Эта позиция, однако, в своей абстрактности не более чем формальна. Пока она остается лишенной содержания, она лишена также и возможности. Я обретаю ее в мгновение проясняющегося самосознания; тогда она фактически поддерживается еще содержанием историчной субстанции, из которой я живу прежде, чем начну размышлять о ней. Только теперь начинается критика того, из чего я всегда уже есмь, прежде чем я желаю быть этим. Отныне мне грозят новые опасности: или обнищать в изоляции своей пустой независимости, которая тут же превращается в абсолютизацию моего эго (Eigenhert) как голой непосредственности существования в настоящем, или же отказаться от этой независимости в дешевом подчинении авторитетному содержанию традиции таким, каково оно есть.

\343\

Экзистенция, однако, изначальна только, если она исторична, и исторична -только если она изначальна.

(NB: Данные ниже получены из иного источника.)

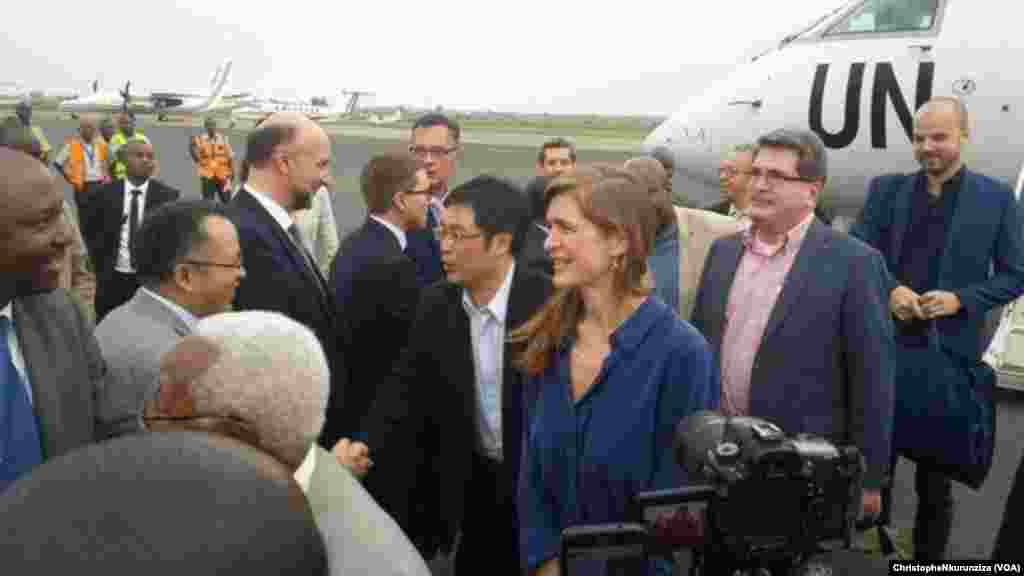 L’américaine Samantha Power, troisième à droite, accompagnée d’autres ambassadeurs du Conseil de sécurité à l’atterrissage de leur avion à Bujumbura, Burundi, 21 janvier 2016. (VOA/ChristopheNkurunziza) 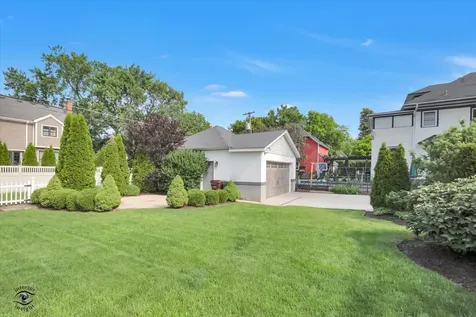 220 Hickory Street Frankfort IL 60423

И, чтобы не сорваться в беспочвенность, философски пробуждающийся человек как возможная экзистенция вверяет себя поэтому традиции, пока не возникает противоречия, которое уничтожило бы его самого; он послушен авторитету там, где еще невозможны или не нужны проверка и решение; он отказывается вставать в оппозицию к полученному от традиции, если оппозиция обращается против традиционного содержания как такового. Его самобытие даже настаивает на признании авторитета, там где самость еще не достигла ясности из собственного истока. Он благоговеет перед традицией, относится к ней - особенно в лице тех людей, от которых он получил ее - с неизменным почтением. Экзистенция принимает собственное решение, - которое, как возможность, никогда не подвергается сомнению, если только достигнута позиция независимости, - только если этого требует от нее в конкретной ситуации ответственность за ее самобытие. В противоположность чисто рациональному и софистическому отрицанию, мотивирующемуся пустотой самобытия и придающему себе таким способом кажимость самостоятельности, для того, кто действительно утвердился как он сам, отрицательное отношение к традиции, там, где оно оказывается необходимым для него, есть преодоление. Он не станет с легким сердцем свергать с себя оковы, ибо он хочет остаться верным в принятии наследства, а не забывать. Кто осознал свою полную независимость, тот осмелится избрать ее в тихой решимости, а не в слепоте ликования. Ему присуще самое решительно уверенное чувство традиции и авторитета, и он всегда намерен бывает сохранить максимально возможно многое из этой традиции.